Limitations and Criticism
Critics note that Template Haskell can complicate tooling such as editors and static analyzers used by projects at JetBrains and Microsoft; language server implementations and refactoring tools for Visual Studio Code and Emacs face challenges interpreting generated code. Additional concerns include debuggability and build reproducibility discussed in forums involving Stack and Cabal maintainers, and the potential for violating abstractions similar to criticisms levied at macro systems in Lisp (programming language). Some teams at Google and Facebook (Meta) have favored alternative approaches like code generators external to the compiler or staged meta-programming as used in Scala (programming language) macros and Rust procedural macros.

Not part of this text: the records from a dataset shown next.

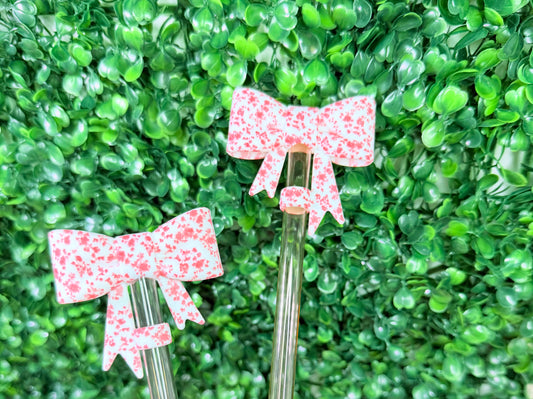 Autumn Coral floral strawtopper bow EXCLUSIVE
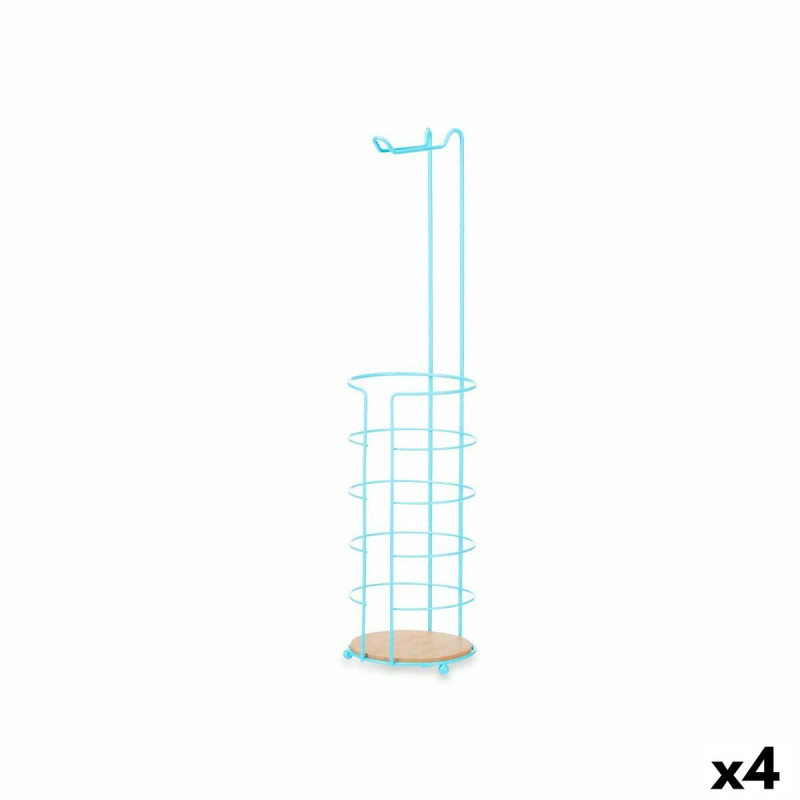 Portarrollos de Papel Higiénico Azul Metal Bambú 16,5 x 63,5 x 16,5
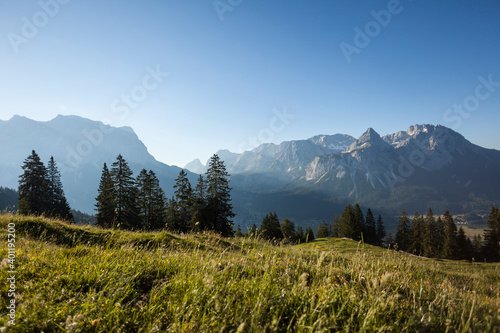 Mountain view Zugspitze and Ehrwalder Sonnenspitz mountains, Tyrol, Austria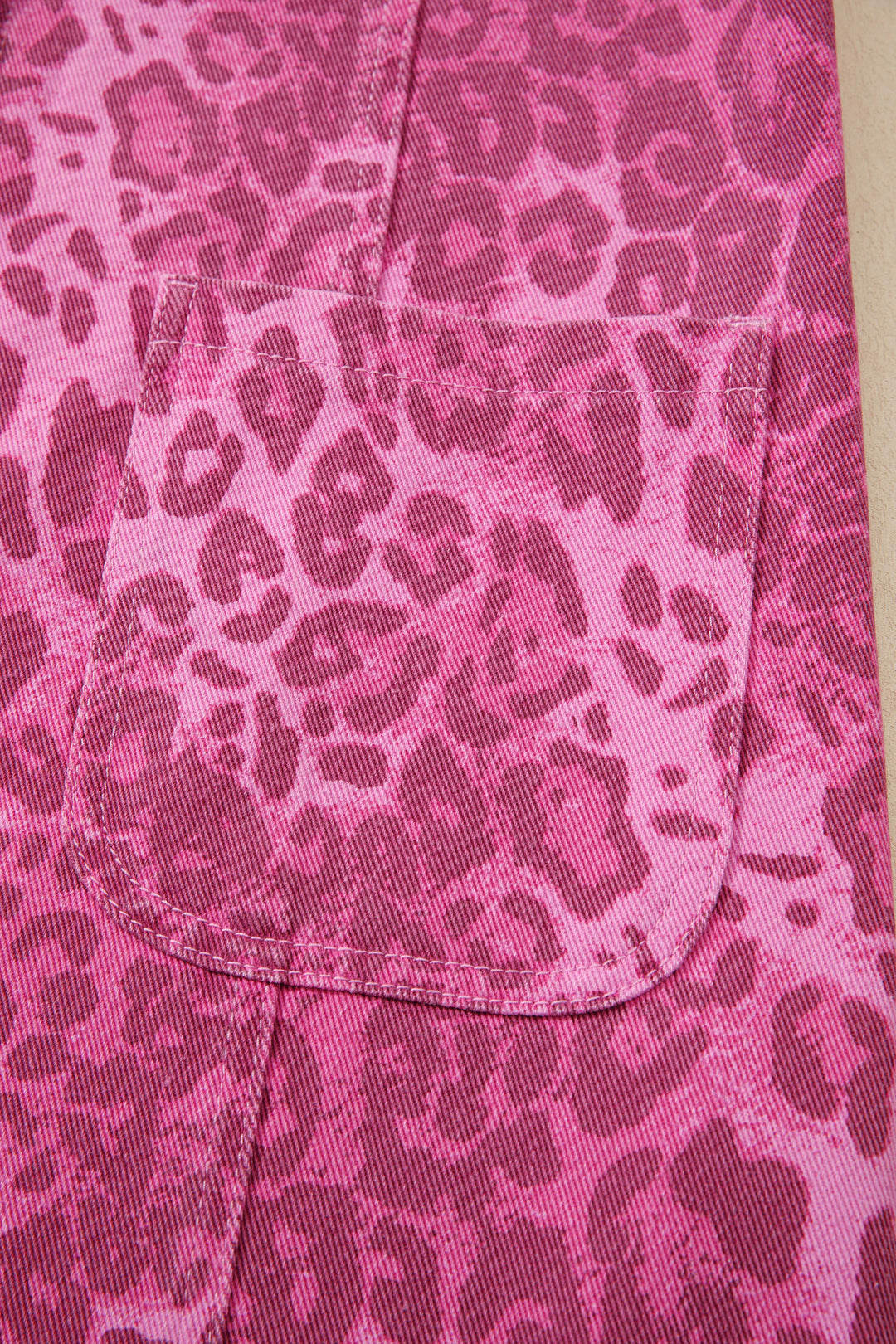 Pink Leopard Denim Buttoned Shift Sleeveless Dress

Related Tools and Libraries
Ecosystem tools integrate with Template Haskell, including parsing generators like Happy (parser generator) and Alex (lexer generator), web frameworks like Yesod (web framework), serialization libraries such as aeson, ORMs like persistent (Haskell library), and optics libraries such as lens. Build tools and package managers including Stack and Cabal provide workflows for projects using code generation. Research and alternative implementations reference systems like MetaOCaml, Racket, Scala (programming language), and macro systems from Lisp (programming language), with academic output from institutions including University of Glasgow, University of York, and Microsoft Research.